Start of Source material

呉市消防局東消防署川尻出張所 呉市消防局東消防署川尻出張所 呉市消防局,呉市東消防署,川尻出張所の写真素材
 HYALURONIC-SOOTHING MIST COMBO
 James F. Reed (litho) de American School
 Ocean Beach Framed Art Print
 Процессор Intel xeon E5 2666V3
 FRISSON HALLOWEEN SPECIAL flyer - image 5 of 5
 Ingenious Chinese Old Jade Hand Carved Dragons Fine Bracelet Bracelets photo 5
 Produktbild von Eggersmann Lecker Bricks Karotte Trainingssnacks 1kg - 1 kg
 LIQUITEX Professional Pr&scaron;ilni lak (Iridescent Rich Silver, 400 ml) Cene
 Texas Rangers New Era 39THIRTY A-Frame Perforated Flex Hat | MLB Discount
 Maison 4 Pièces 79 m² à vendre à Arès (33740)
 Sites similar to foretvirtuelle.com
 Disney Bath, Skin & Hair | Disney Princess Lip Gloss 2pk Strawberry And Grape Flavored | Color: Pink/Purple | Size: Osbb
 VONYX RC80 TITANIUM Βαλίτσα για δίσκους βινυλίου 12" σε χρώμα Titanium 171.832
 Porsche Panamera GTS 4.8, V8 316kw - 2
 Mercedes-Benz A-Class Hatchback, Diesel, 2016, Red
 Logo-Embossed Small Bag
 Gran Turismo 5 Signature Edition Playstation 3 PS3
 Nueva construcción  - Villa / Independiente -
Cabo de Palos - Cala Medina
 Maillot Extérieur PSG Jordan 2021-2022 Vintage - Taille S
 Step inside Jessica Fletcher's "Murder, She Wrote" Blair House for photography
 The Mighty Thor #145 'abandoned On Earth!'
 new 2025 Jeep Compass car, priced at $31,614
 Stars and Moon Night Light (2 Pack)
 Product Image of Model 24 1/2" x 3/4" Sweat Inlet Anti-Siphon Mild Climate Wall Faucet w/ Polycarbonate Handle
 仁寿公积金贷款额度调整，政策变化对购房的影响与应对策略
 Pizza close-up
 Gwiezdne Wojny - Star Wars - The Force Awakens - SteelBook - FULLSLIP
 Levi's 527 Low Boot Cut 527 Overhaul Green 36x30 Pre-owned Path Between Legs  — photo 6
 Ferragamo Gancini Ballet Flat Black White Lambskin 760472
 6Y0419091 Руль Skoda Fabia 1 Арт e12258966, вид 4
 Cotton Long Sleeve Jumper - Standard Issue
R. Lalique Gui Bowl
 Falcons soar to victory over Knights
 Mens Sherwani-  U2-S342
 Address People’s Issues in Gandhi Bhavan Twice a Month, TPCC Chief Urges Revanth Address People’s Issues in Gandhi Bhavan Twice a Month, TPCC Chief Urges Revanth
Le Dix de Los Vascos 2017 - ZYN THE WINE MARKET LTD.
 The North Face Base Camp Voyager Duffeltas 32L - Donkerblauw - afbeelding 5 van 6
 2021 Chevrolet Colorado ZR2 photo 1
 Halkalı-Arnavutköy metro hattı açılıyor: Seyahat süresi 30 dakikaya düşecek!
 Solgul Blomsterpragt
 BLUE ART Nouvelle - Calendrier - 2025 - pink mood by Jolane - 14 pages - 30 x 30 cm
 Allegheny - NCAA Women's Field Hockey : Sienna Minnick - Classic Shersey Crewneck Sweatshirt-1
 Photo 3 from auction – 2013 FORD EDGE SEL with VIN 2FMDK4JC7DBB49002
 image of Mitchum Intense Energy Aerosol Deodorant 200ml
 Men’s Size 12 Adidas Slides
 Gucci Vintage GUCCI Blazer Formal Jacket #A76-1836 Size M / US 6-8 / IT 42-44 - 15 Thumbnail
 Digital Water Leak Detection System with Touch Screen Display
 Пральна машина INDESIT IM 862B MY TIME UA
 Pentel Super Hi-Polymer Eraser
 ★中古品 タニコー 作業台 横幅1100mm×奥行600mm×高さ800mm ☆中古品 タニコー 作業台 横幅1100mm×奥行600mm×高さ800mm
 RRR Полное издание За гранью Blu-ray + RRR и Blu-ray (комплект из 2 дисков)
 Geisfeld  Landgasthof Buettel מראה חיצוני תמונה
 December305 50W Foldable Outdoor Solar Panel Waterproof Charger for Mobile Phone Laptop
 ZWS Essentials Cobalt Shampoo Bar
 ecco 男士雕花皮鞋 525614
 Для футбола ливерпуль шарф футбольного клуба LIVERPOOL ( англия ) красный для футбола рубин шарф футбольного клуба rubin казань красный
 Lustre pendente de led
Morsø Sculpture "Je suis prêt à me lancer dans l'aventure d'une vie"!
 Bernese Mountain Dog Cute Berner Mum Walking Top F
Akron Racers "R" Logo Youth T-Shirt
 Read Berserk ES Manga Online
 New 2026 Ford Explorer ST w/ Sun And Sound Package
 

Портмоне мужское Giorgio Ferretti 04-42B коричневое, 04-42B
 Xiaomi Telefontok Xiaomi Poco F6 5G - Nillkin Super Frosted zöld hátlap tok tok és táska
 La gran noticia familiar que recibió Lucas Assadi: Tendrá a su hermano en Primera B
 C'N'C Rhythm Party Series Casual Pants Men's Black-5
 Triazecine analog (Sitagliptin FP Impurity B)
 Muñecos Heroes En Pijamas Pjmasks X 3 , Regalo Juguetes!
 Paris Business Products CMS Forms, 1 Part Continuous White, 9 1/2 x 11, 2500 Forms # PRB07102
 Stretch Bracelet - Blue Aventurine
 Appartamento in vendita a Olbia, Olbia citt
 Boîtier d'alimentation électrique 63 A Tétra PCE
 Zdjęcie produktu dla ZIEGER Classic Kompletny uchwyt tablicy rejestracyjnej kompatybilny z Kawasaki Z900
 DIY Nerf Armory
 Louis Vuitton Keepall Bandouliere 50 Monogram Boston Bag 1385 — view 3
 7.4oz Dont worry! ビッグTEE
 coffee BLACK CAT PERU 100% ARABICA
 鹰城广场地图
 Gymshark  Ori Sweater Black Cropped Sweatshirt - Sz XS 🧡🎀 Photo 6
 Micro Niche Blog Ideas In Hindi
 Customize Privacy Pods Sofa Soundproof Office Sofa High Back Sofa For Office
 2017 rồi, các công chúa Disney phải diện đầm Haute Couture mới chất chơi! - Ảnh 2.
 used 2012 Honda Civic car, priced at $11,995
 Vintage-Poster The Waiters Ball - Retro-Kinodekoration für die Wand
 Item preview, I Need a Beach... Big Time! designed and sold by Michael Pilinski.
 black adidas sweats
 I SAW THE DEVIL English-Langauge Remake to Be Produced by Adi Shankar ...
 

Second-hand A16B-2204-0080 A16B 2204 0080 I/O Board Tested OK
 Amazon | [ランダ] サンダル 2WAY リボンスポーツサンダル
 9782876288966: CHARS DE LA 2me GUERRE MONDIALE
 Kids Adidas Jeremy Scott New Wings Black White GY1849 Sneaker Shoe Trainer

End of Source material

## Task objective
Look back at the entries above. Retype the line with "Для футбола ливерпуль", the line with "Xiaomi Telefontok Xiaomi", and all lines in between.

## The completed task
 Для футбола ливерпуль шарф футбольного клуба LIVERPOOL ( англия ) красный для футбола рубин шарф футбольного клуба rubin казань красный
 Lustre pendente de led
Morsø Sculpture "Je suis prêt à me lancer dans l'aventure d'une vie"!
 Bernese Mountain Dog Cute Berner Mum Walking Top F
Akron Racers "R" Logo Youth T-Shirt
 Read Berserk ES Manga Online
 New 2026 Ford Explorer ST w/ Sun And Sound Package
 

Портмоне мужское Giorgio Ferretti 04-42B коричневое, 04-42B
 Xiaomi Telefontok Xiaomi Poco F6 5G - Nillkin Super Frosted zöld hátlap tok tok és táska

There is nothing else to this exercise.